The Hidden Cost of the CEO Seat
Many founders see the CEO role as the final goal, but Tosi argues that holding onto it can hold the business back. When a founder stays in the executive chair past their point of maximum creative impact, they become a bottleneck for the brand.
Tosi’s move to "Chief Experimenter" was not a retreat. It was a strategic shift to focus on her competitive advantage: her culinary perspective. By moving to a dedicated experimental space, she shifted her focus from administrative tasks to high-value brand innovation.
"I am short-changing the milk bar business holding on to the CEO seat. I would much rather focus on what I am specifically in uniquely positioned to do which is like the creative, the culinary right?"
-- Christina Tosi
Why Obvious Marketing Fails the System
Conventional wisdom says every activity must drive immediate revenue to the EBITDA line. Tosi disagrees, noting that in 2026, relying only on sales channels to fund marketing is a losing strategy. Instead, she advocates for free earned brand and media. These collaborations might provide little immediate profit, but they generate massive brand equity.
The insight here is that brand reach must outpace P&L growth. By showing up in unexpected places, a brand builds trust that makes future customer acquisition cheaper and faster. When founders prioritize immediate revenue over this earned brand footprint, they often get stuck in a cycle of paying for expensive, diminishing-return marketing.
The Trojan Horse of Gifting
For businesses like Vashon Island Coffee Dust, the gifting segment is a customer acquisition engine, not just a one-time sale. Tosi identifies gifting as a Trojan horse. It is a way to land your product on the kitchen counters of potential repeat buyers who might never have discovered you otherwise.
The logic is clear:
1. Immediate effect: A gift is purchased, providing a single transaction.
2. Downstream effect: The recipient integrates the product into their daily ritual.
3. Compounding effect: The recipient becomes a repeat customer, shifting the business from a gifting brand to a ritual brand.

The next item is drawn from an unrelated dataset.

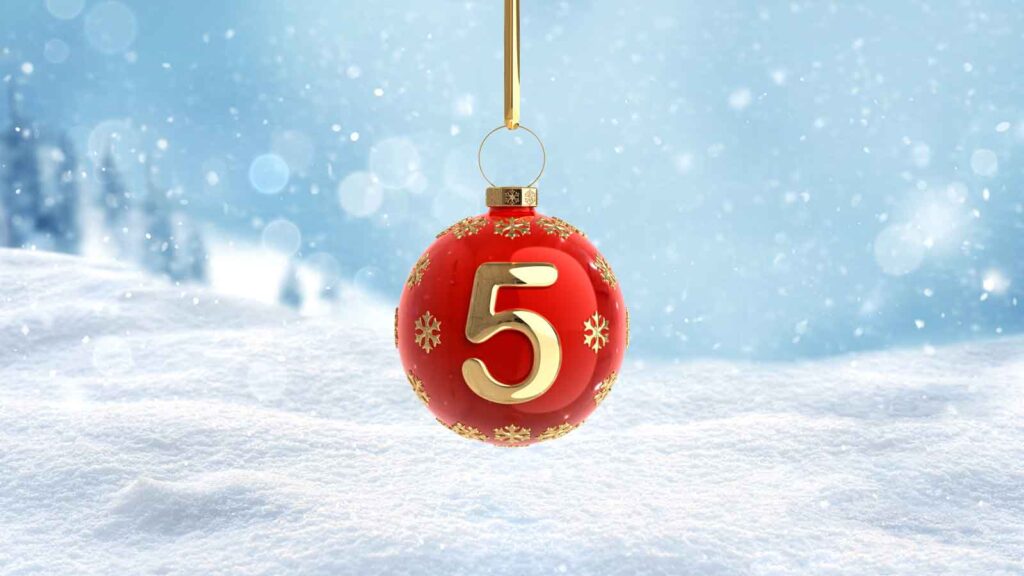 holiday ornament with a 5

"It's free marketing for you girls like a Trojan horse, right? You get to be on their coffee counters."
-- Christina Tosi
The Power of Unpopular Groundwork
Tosi and Guy Raz both emphasize that successful founders often win by doing things that do not scale or feel satisfying in the moment, such as standing in front of a store or manually canvassing a neighborhood to pre-sell memberships.
While institutional capital feels like the next step to many, Tosi warns that it brings reporting and board-level strategy that can dilute a founder's vision. The harder, more durable path is to unlock capital through your own community by turning customers into stakeholders. This creates a base of advocates who are invested in the brand's success before a formal expansion begins.
Key Action Items
- Audit Your Founder Fit: Over the next quarter, look closely at your daily tasks. Identify which activities only you can do, such as creative or visionary work, and which are administrative. If you are doing the latter, you are limiting your brand's growth.
- Create a Maker Community: Do not just sell products; create a ritual. Whether it is a makers' picnic or a digital community, build an environment where your product is the catalyst for connection. This pays off in 12 to 18 months by creating high-retention cohorts.
- Leverage Landlord Partnerships: When expanding to new physical locations, treat your brand as an amenity. Negotiate for tenant improvements and build-outs, positioning your business as a draw for the landlord’s other tenants.
- Convert Gifters to Ritualists: If your product is a popular gift, design an onboarding experience for the recipient. Include QR codes or simple guides that show them how to integrate your product into their daily life.
- Crowdfund Your Expansion: Before seeking institutional capital, test a community round by offering loyal customers a chance to invest via convertible notes. This creates an immediate base of brand ambassadors in your new market.
- Force a Third Option: When faced with a binary choice, such as whether you are a gifting brand or a wellness brand, force yourself to develop a third option. This prevents you from falling into false dichotomies and often leads to more innovative positioning.